What is needed - Beginning at the line containing "A tray with", repeat each line below exactly up to and including the line containing "How to tell". Do not repeat the pictures.

Supplied entries -
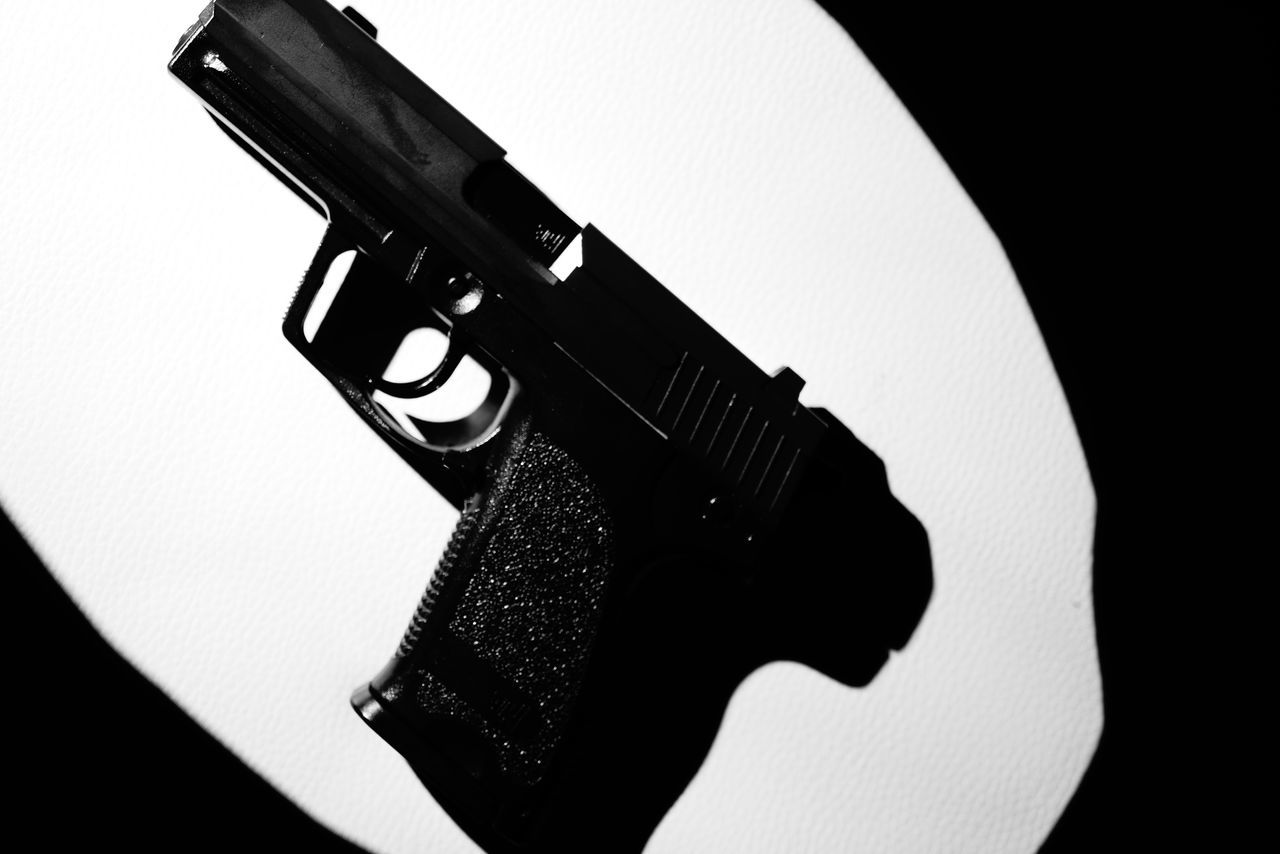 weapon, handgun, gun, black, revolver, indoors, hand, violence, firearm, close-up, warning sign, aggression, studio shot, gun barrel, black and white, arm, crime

==

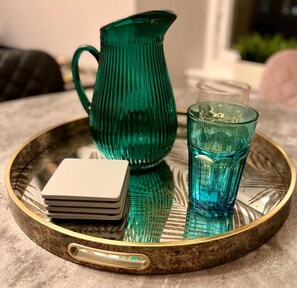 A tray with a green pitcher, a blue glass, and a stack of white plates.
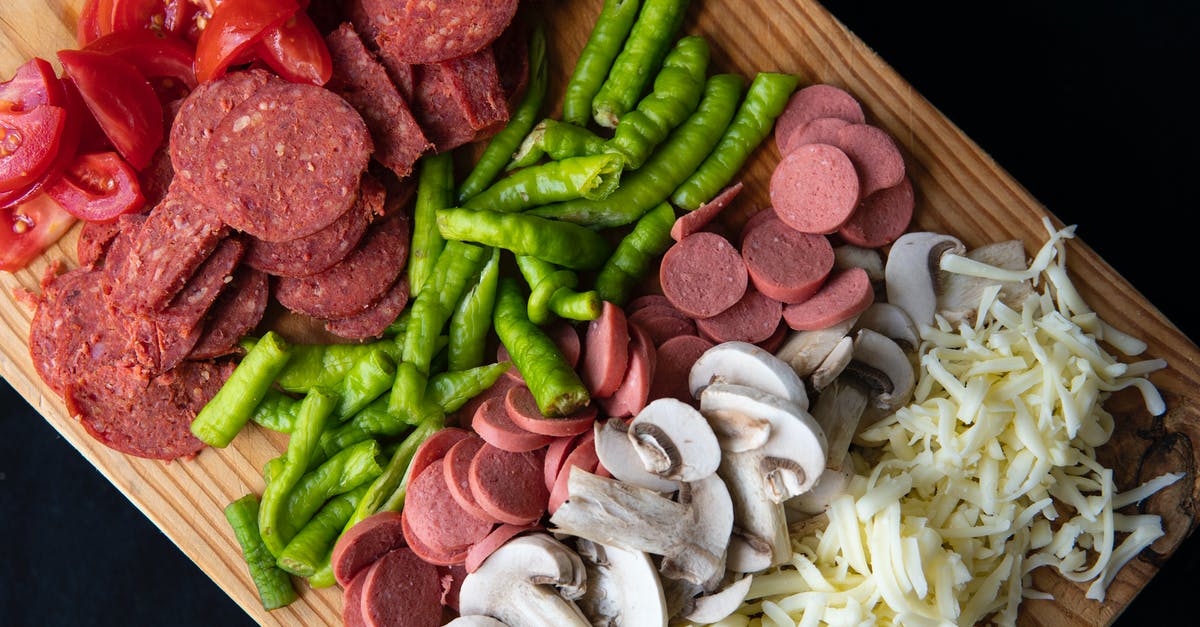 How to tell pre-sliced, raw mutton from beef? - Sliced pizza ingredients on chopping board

Reply -
 A tray with a green pitcher, a blue glass, and a stack of white plates.
 How to tell pre-sliced, raw mutton from beef? - Sliced pizza ingredients on chopping board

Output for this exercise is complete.